In una lettera del 4 febbraio 1961 Luciano Bianciardi scrive:
In preparazione avrei un altro libro, più grosso e più cattivo, su Milano. Nonostante il passare degli anni, la rabbia contro questa città cresce di continuo. Qui c’è un vantaggio: che ti danno un lavoro e ti pagano. Per il resto non è una città, non è un paese, non è niente. È solo una gran macchina caotica, senza cielo sopra e senza anima dentro. Andrebbe minata. Eppure tutti si ostinano a dire che è il cuore d’Italia.
Il libro a cui si riferisce è La vita agra che sarà pubblicato nel 1962 dalla Rizzoli.
Dal 1954, anno del suo arrivo nella metropoli da Grosseto e dalla Maremma, Luciano Bianciardi di cose ne ha fatte. Ha già pubblicato I minatori della Maremma (1956), Il lavoro culturale (1957), L’integrazione (1960), Da Quarto a Torino (1960), Breve storia della spedizione dei Mille (1960), più articoli e racconti per l’Avanti, L’Unità, il Contemporaneo.
Ma il grosso del lavoro sta nelle traduzioni dall’inglese.
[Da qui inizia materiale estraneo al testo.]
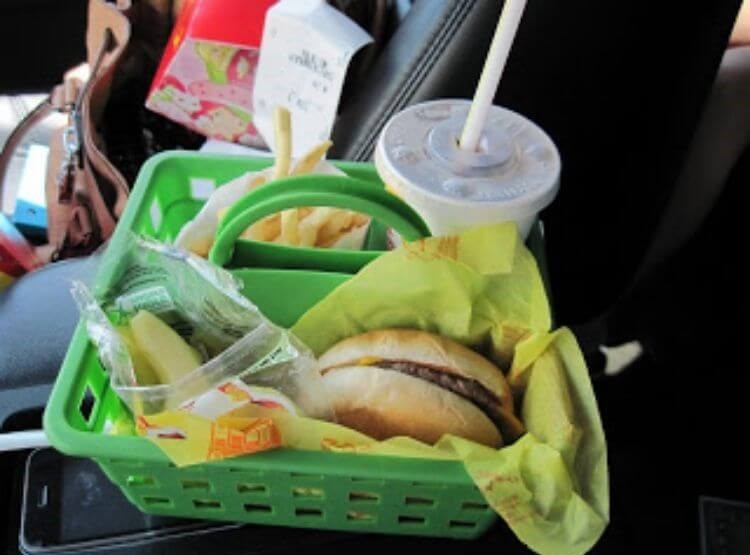 Car hack using a dollar store shower caddy used to organize a fast food meal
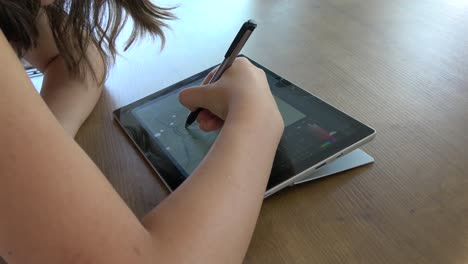 Girl-drawing-on-a-graphics-tablet,-over-the-shoulder-shot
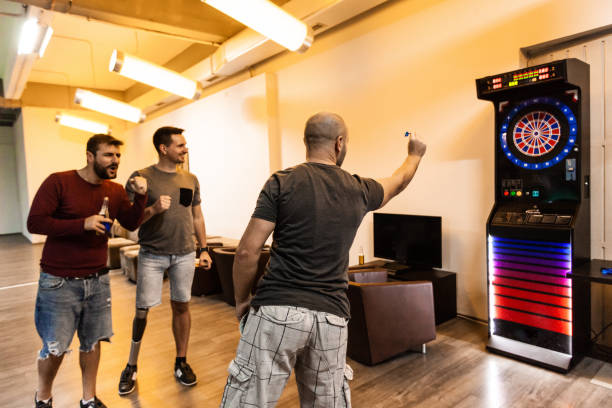 istock Men playing darts in pool hall 1080424586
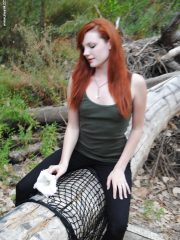 Young redhead chick Nicci Vice showing off tits and ass in the woods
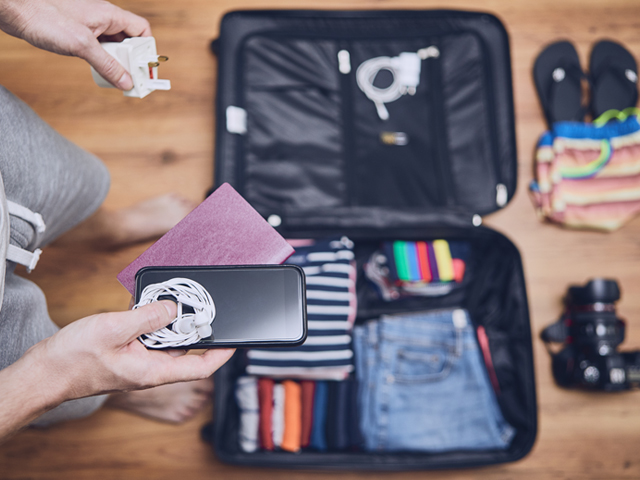 Man packing suitcase for holiday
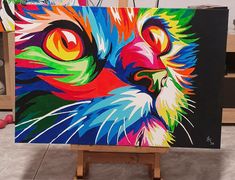 a colorful cat painting on an easel in front of some other art work items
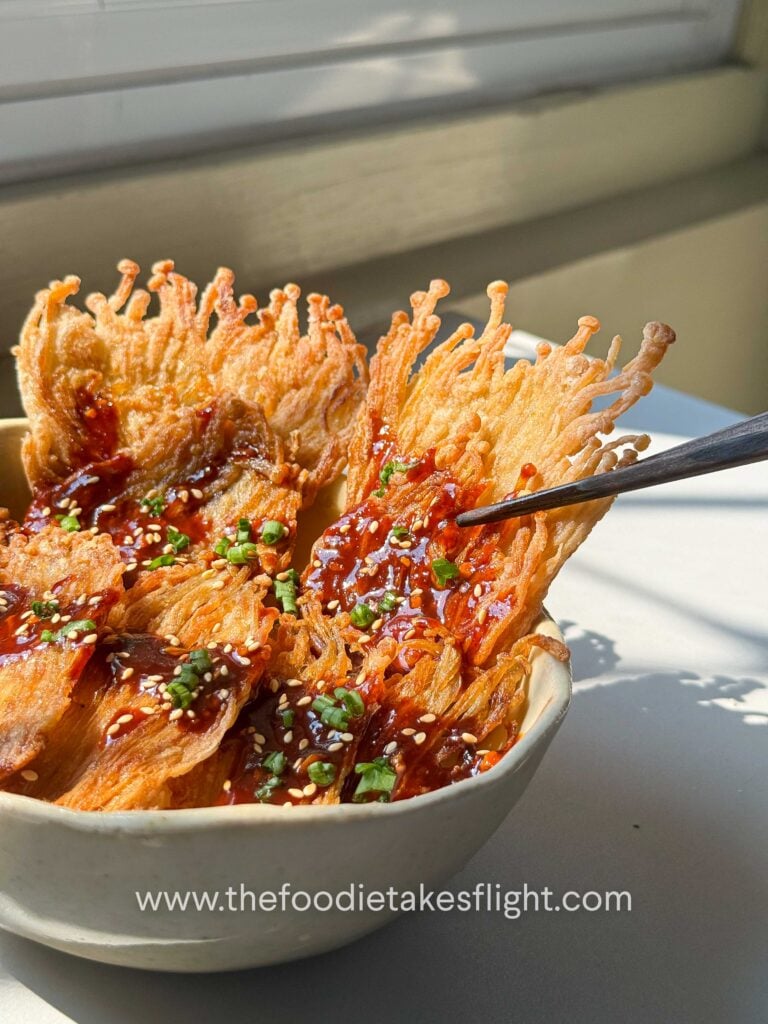 Crispy pan-fried enoki mushrooms served over rice with gochujang sauce, scallions, and sesame seeds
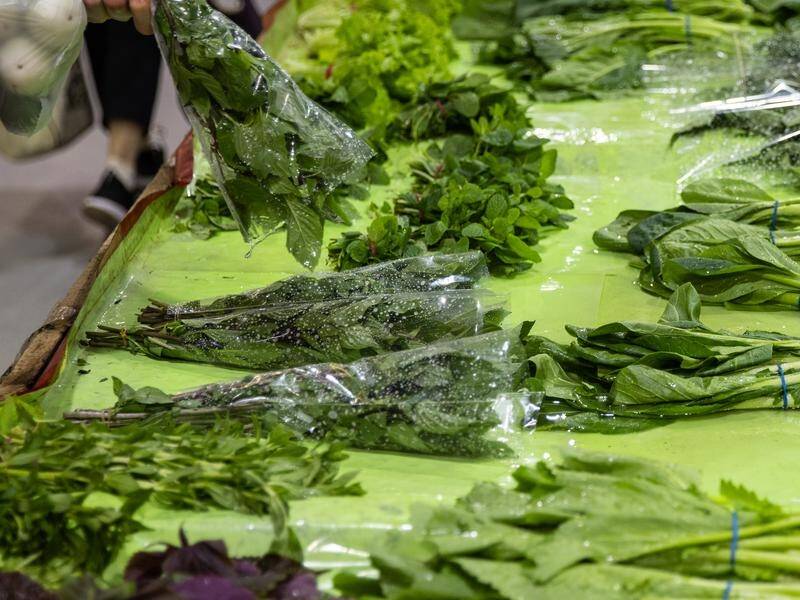 Growers are urging shoppers not to be put off their greens, after a recall of some spinach products. (Diego Fedele/AAP PHOTOS)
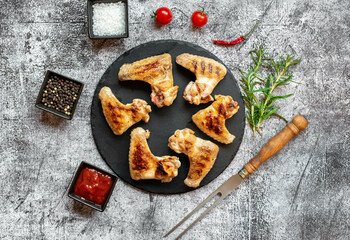 grilled chicken wings on stone background 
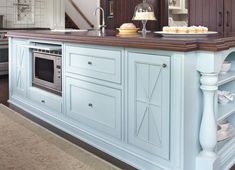 a kitchen with blue cabinets and an island in the middle is decorated with white dishes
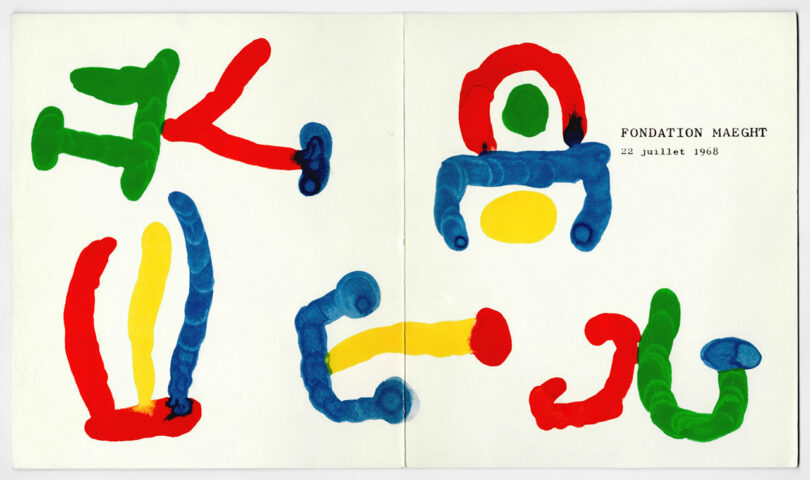 Colorful abstract shapes in red, blue, green, and yellow on a white background with the text
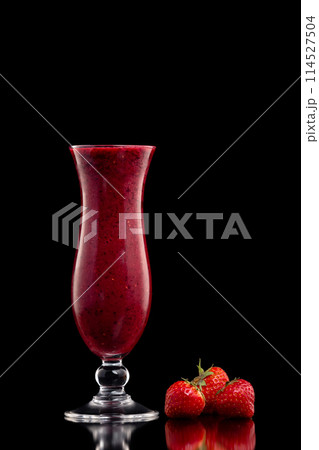 Glass of red currant berries fresh shake decorated with strawberries isolated at black background. Glass of red currant berries fresh shake decorated with strawberries isolated at black background. 114527504
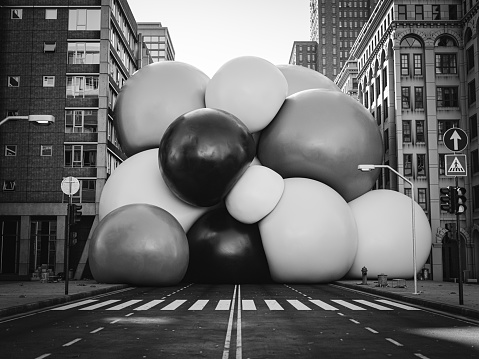 A cluster of big soft spheres stuck in the middle of the city street, 3D render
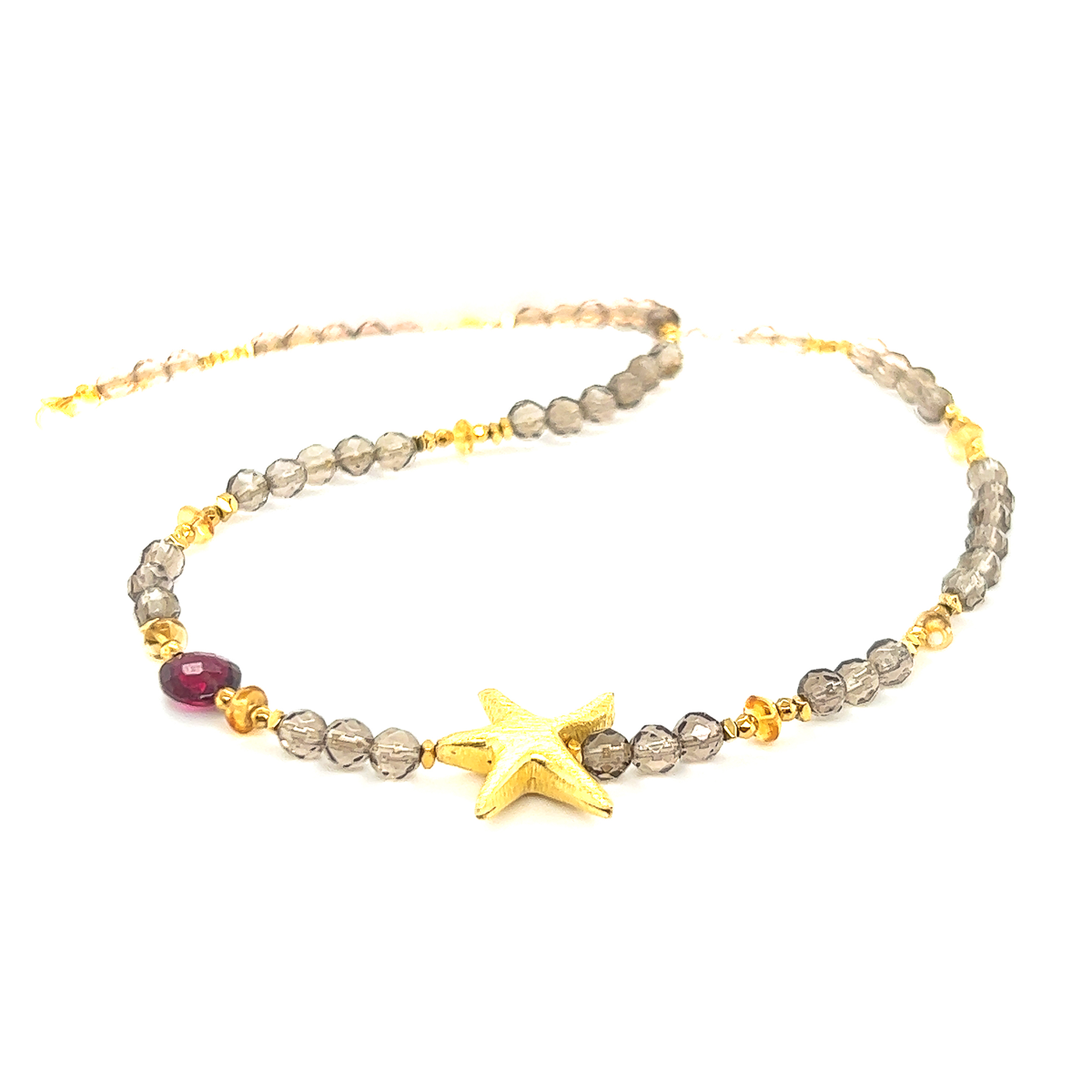 Naszyjnik z kwarcu dymnego od Ewa Mrochen Jewellery, klejnot wsparcia na łańcuszku złotym lub srebrnym.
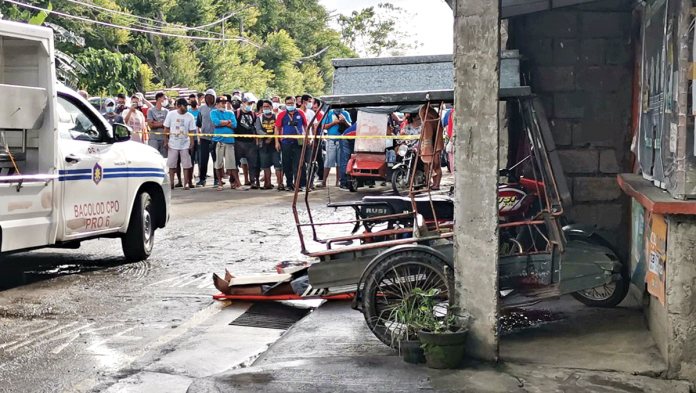 Authorities cordon this area in Barangay Pahanocoy, Bacolod City where tricycle driver Noel Peraren was shot dead by motorcycle-riding assassins early morning yesterday. BCPO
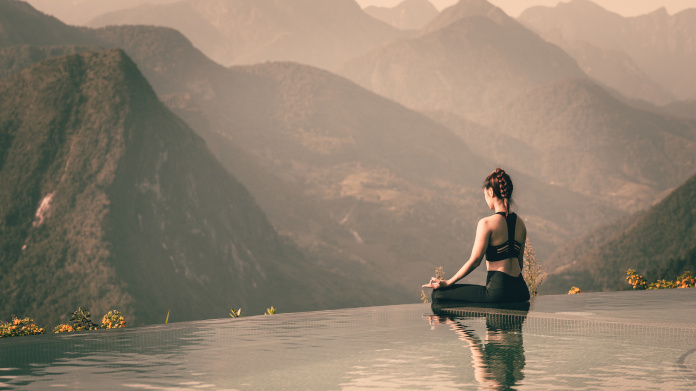 Woman meditating, to control her stress levels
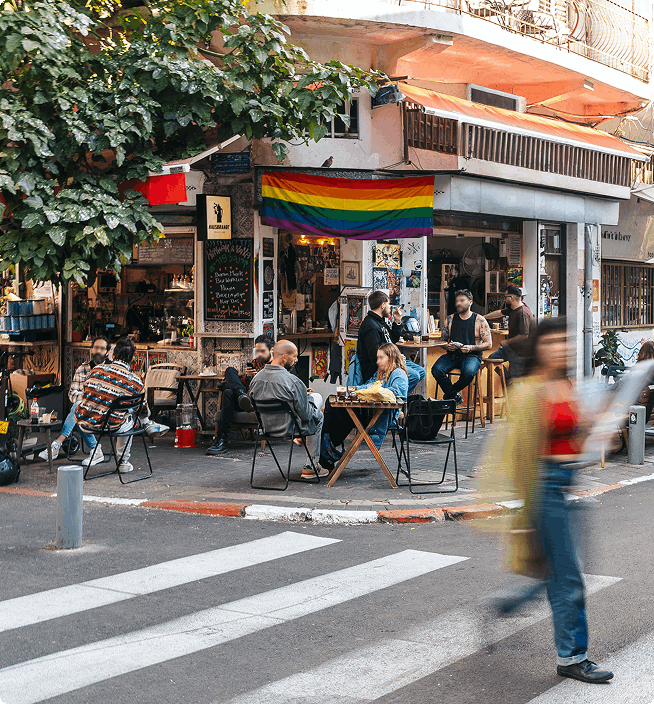 אנשים יושבים מחוץ לבית קפה הומה אדם, שמעליו מתנוסס דגל הקשת, בעוד אדם חוצה את הרחוב מולו.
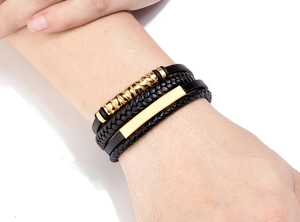 Detail eines mehrlagigen schwarzen Lederarmbands mit goldenem Metallrohr und Magnetverschluss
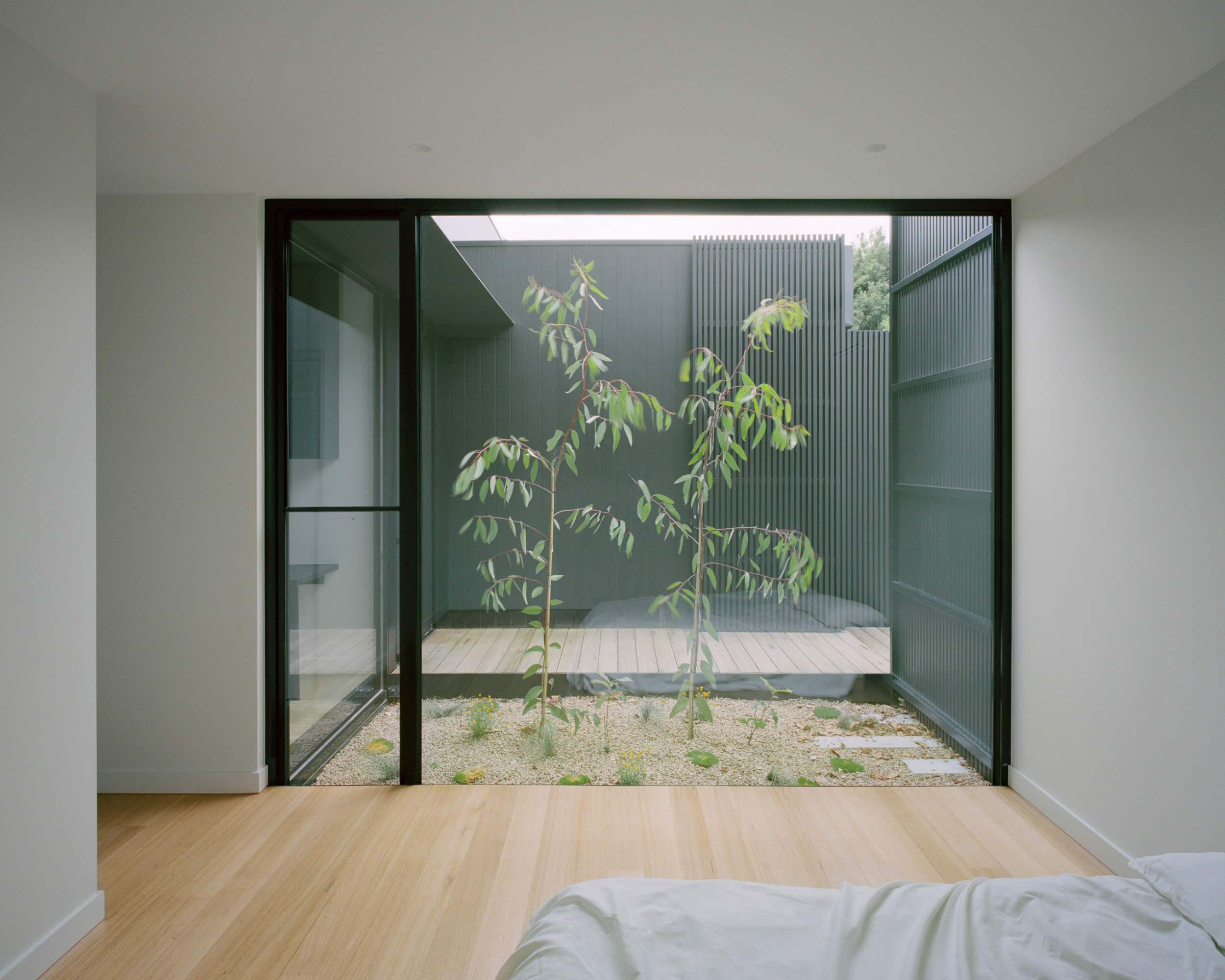 Bedroom with Native Coastal Courtyard. Ellul Architecture. Sandringham House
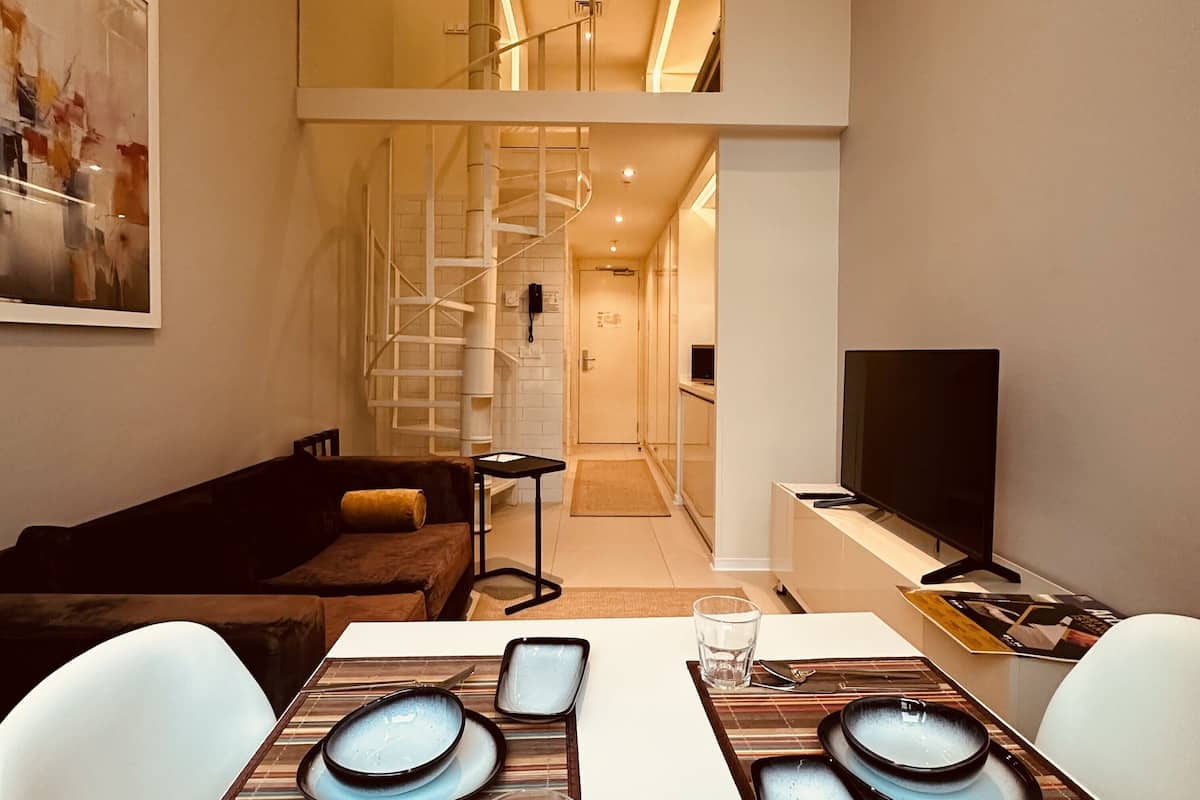 Una sala de estar moderna con un sofá, una mesa de comedor preparada para dos personas, un televisor y una escalera que sube a un nivel superior.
Sino a quell’anno ha tradotto per le case editrici con cui collabora (Feltrinelli, Mondadori, Rizzoli, Einaudi, Frassinelli, etc.) una sessantina di libri. Gli autori tradotti da Bianciardi si chiamano Saul Bellow, Stephen Crane, Irwing Shaw, John Steinbeck, Aldous Huxley, Fred Hoyle, William Faulkner, Somerset Maugham, Norman Mailer, Jack Kerouac. L’autore determinante fu, però, Henry Miller di cui Bianciardi tradusse il Tropico del Cancro e il Tropico del Capricorno. Attraverso Miller Bianciardi si intravede una forma di scrittura diversa (“di pancia”, come dirà poi).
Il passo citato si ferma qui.